Eleanor and Sheldon Glueck embarked upon an internationally recognized partnership in criminology that would last the remainder of their lives. They would collaborate on more than 250 publications, beginning with Five Hundred Criminal Careers (1930), followed by Five Hundred Delinquent Women (1934) and One Thousand Juvenile Delinquents (1934). For the juvenile delinquents, they made attempts to predict criminality using statistics, followed by the likelihood of their rehabilitation upon release. They were the first criminologists to perform studies of chronic juvenile offenders and among the first to examine the effects of psychopathy among the more serious delinquents. Their studies showed that psychopathy was 20 times more common among juvenile delinquents.

In 1940, they began a ten-year longitudinal study that was published as Unraveling Juvenile Delinquency (1950). This resulted in the Gluecks' "Social Prediction Tables" that gave predictions of the likelihood of juvenile delinquency based upon parameters from when the youths were six years old. In 1953, she became a research associate at a Harvard Law School Research Project that was investigating the causes, treatment and prevention of juvenile delinquency.

In 1947, the United Prison Association of Massachusetts awarded her its Parsons Memorial Award.
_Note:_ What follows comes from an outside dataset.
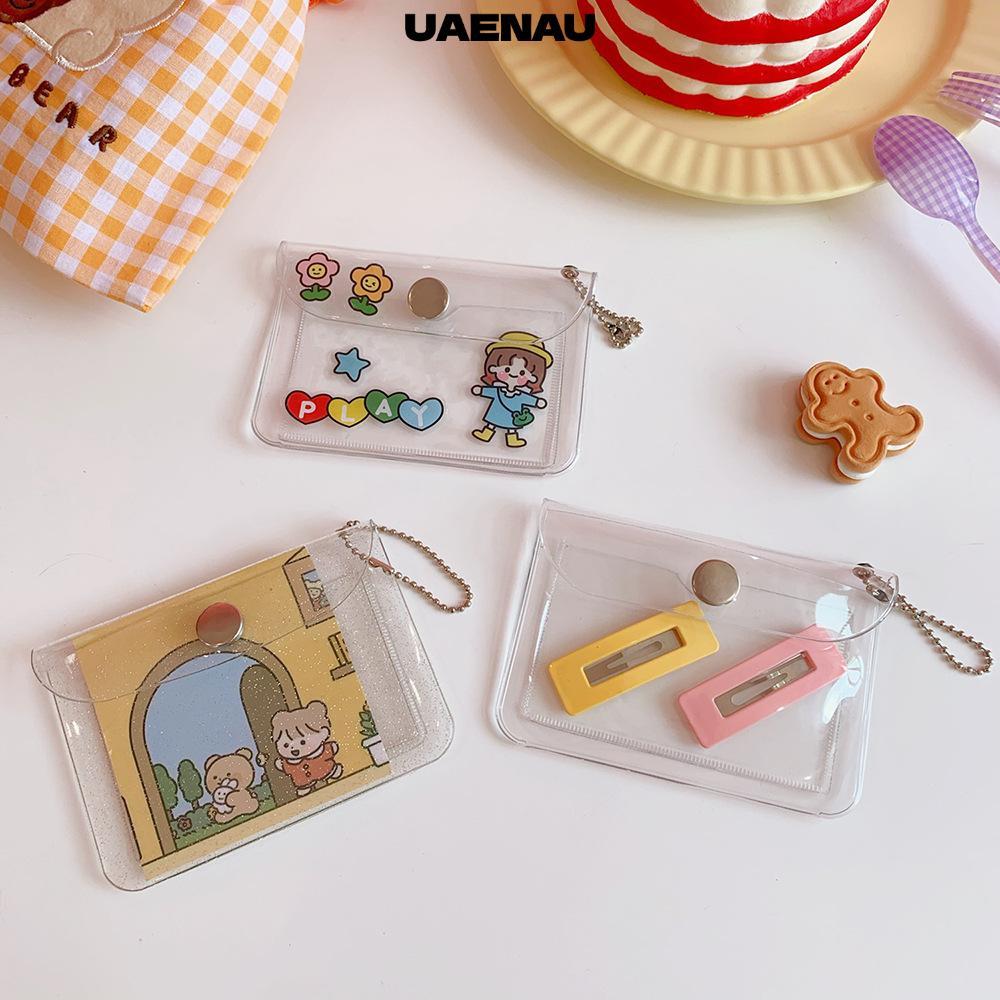 UAENAU Card Bag PVC Transparent Bling Wallet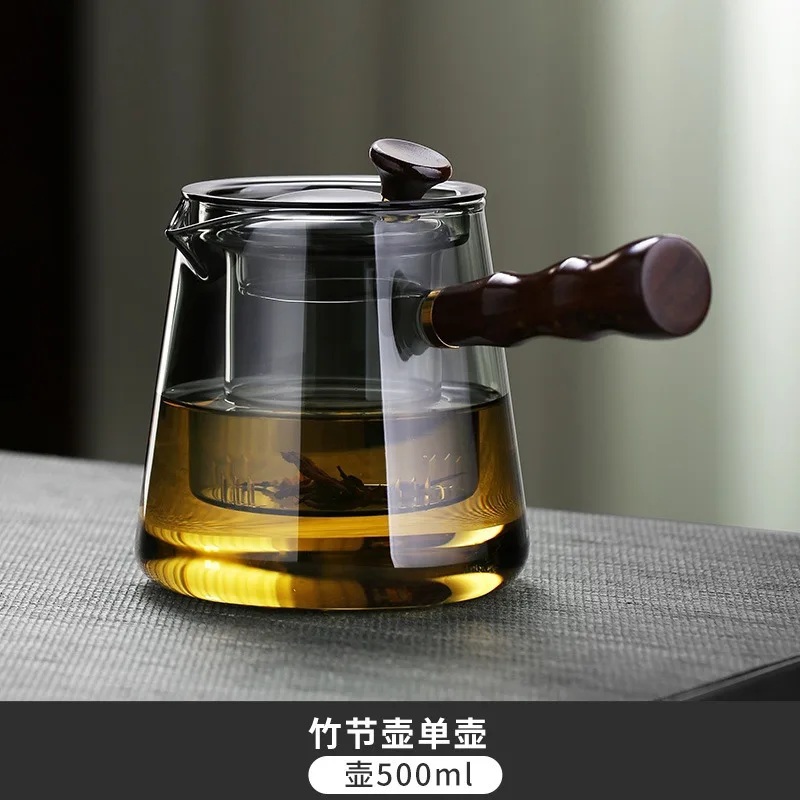 Side Handle Wooden Handle Glass Teapot Steaming and Boiling Dual-use Japanese-style Kettle High Borosilicate Gongfu Tea Set view 6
Although Glueck never received a tenured appointment with the faculty, both Eleanor and Sheldon Glueck were awarded honorary Sc.D. from Harvard in 1958. She was elected a Fellow of the American Academy of Arts and Sciences in 1960. In 1969, Glueck was awarded a Distinguished Alumni Award from Barnard College. She was a trustee at the Judge Baker Guidance Center. She became a fellow with the International Society of Criminologists and the American Association for the Advancement of Science. The couple retired during the 1960s. Glueck accidentally drowned in a bathtub at her home in Cambridge, Massachusetts, at the age of 74.